Iwan Schuwalow (1727-1797). Porträt, Gemälde, Fjodor Rokotow

In Ermangelung eigener Nachkommen, hatte Elisabeth ihren Neffen Peter adoptiert und zu ihrem Nachfolger bestimmt. Aus dem streng protestantisch erzogenen Kieler Jungen Karl Peter Ulrich von Holstein-Gottorf wurde –gegen seinen Willen übrigens – der russisch-orthodoxe Großfürst Peter Fjodorowitsch. Und nun galt es, eine geeignete Gattin für den Thronfolger zu finden. Ganz oben auf der Wunschliste standen preußische Prinzessinnen, was aber dem preußischen König missfiel: „Hinsichtlich meiner Schwestern kennen Sie meine Ansicht – ich gebe keine nach Russland,“10 bestimmte der junge Friedrich II., der später als „der Große“ in die Geschichte eingehen sollte. Seit zwei Jahren saß er auf dem preußischen Thron, nachdem sein Vater, der Soldatenkönig, verstorben war. Er riet zu Sophie von Anhalt-Zerbst, alternativ noch zu zwei Prinzessinnen in Hessen-Darmstadt. Sehr zum Gefallen Friedrichs erging die Einladung Elisabeths schließlich an das Haus Anhalt-Zerbst. Ihr Brief traf am 1. Januar 1744 in Zerbst ein. Sophie war damals vierzehn Jahre alt. Der Wunsch der Mutter schien sich zu erfüllen, der Vater jedoch war nicht davon angetan. Er wollte nicht zulassen, dass seine Fieke so weit weg in ein solch’ fremdes und unheimliches Land zog, womöglich noch von Gefahr bedroht und allein gelassen.
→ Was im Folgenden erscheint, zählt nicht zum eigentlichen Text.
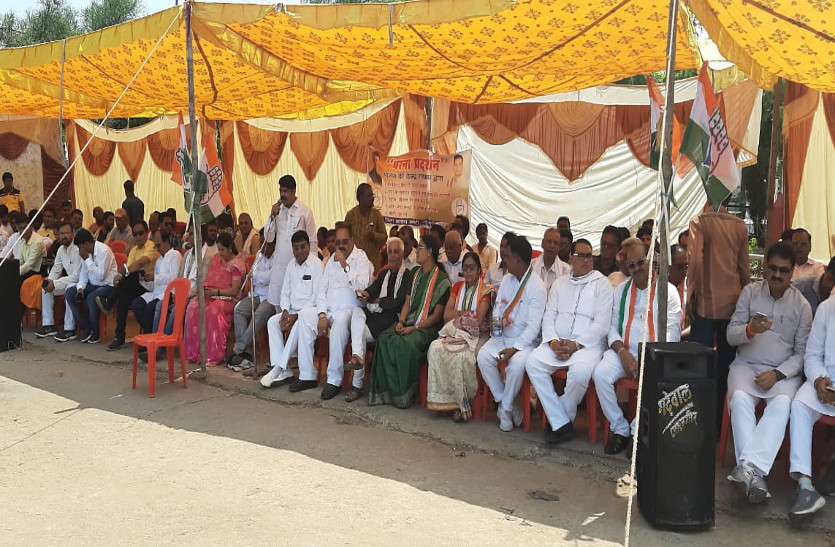 बढ़ती महंगाई के लिए केंद्र सरकार को दोषी बताकर कांग्रेसियों ने किया विरोध प्रदर्शन बढ़ती महंगाई के लिए केंद्र सरकार को दोषी बताकर कांग्रेसियों ने किया विरोध प्रदर्शन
Es hatte sich nämlich herumgesprochen, dass die Zarin mit äußerster Grausamkeit gegen ihre Feinde vorging. Nicht nur, wie sie die Auslöschung des kindlichen Zaren Iwan VI. und seiner Familie betrieben hatte, sondern auch, dass sie einer Hofdame die Zunge auf dem Blutgerüst hatte herausschneiden und eine andere trotz fortgeschrittener Schwangerschaft foltern und nach Sibirien hatte verbannen lassen. Auch wurde kolportiert, dass sie nicht gerade zimperlich mit Hofdamen umging, die ihr ihre Schönheit streitig machten: Solche bedauernswerten Geschöpfe mussten dann ihr Haar kurz schneiden oder es sogar zu einer Glatze stutzen lassen. Es war ein Hof voller Intrigen, Morde und gefährlicher Fehden, den der Vater fürchtete. Und nicht nur dies. Als überzeugter Protestant war ein Glaubenswechsel zum orthodoxen Glauben für ihn undenkbar. Dies wäre jedoch Voraussetzung, um überhaupt eines Tages Zarin von Russland werden zu können. Doch Elisabeth hatte ihn gar nicht eingeladen. Seine Bedenken ahnend, war die Einladung nur an Mutter und Tochter ergangen. Bei beiden siegte am Ende der Ehrgeiz, denn sie waren sich sehr wohl bewusst, dass Peter „von allen vorgeschlagenen Partien die glänzendste war11.